Councilman Richard Cherchio said the issue, which drew hundreds of Medic-West employees and firefighters to a Feb. 17 special meeting, probably won't be reconsidered.

"We're not looking to bridge a budget gap on the backs of private business," Cherchio said Thursday. "We don't see the need to change something that's been working very well in the past."

Chief Al Gillespie said in February that taking over more emergency transportation services would net the city about $1.6 million a year. The Fire Department would bill insurance companies for the service.

The cost of implementing such a change would be minimal, Gillespie argued, because the department already responds to 911 calls. It simply would stop handing so many patients off to someone else, he said.

But Cherchio said he thought the department had underestimated potential costs.

"The numbers just do not jive," he said.

Gillespie this week referred questions about the matter to the city.

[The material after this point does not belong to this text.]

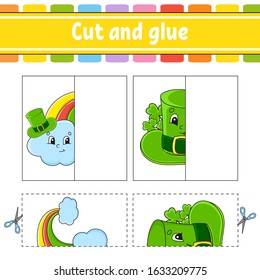 Cut and play. Paper game with glue. Flash cards. rainbow, hat. Education worksheet. Activity page. Funny character. Isolated vector illustration. St. Patrick's day. Cartoon style.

"Internally there are people still evaluating the issue," said Juliet Casey, North Las Vegas spokeswoman. "But right now it's not scheduled to come back on any agenda."

John Wilson, local general manager for MedicWest, was satisfied that the city's emergency transportation services would remain as they are for the foreseeable future.

"We have a franchise agreement in good standing, and we'd like to keep it that way," he said.

That agreement runs through 2015.

MedicWest would have had to lay off at least a dozen workers if the change had been implemented, Wilson said.

North Las Vegas, which has undergone five rounds of budget cuts since December 2008, must trim an additional $33.4 million to make it through fiscal year 2011.

The city said it might have to cut up to 273 positions, 21 of them from the Fire Department.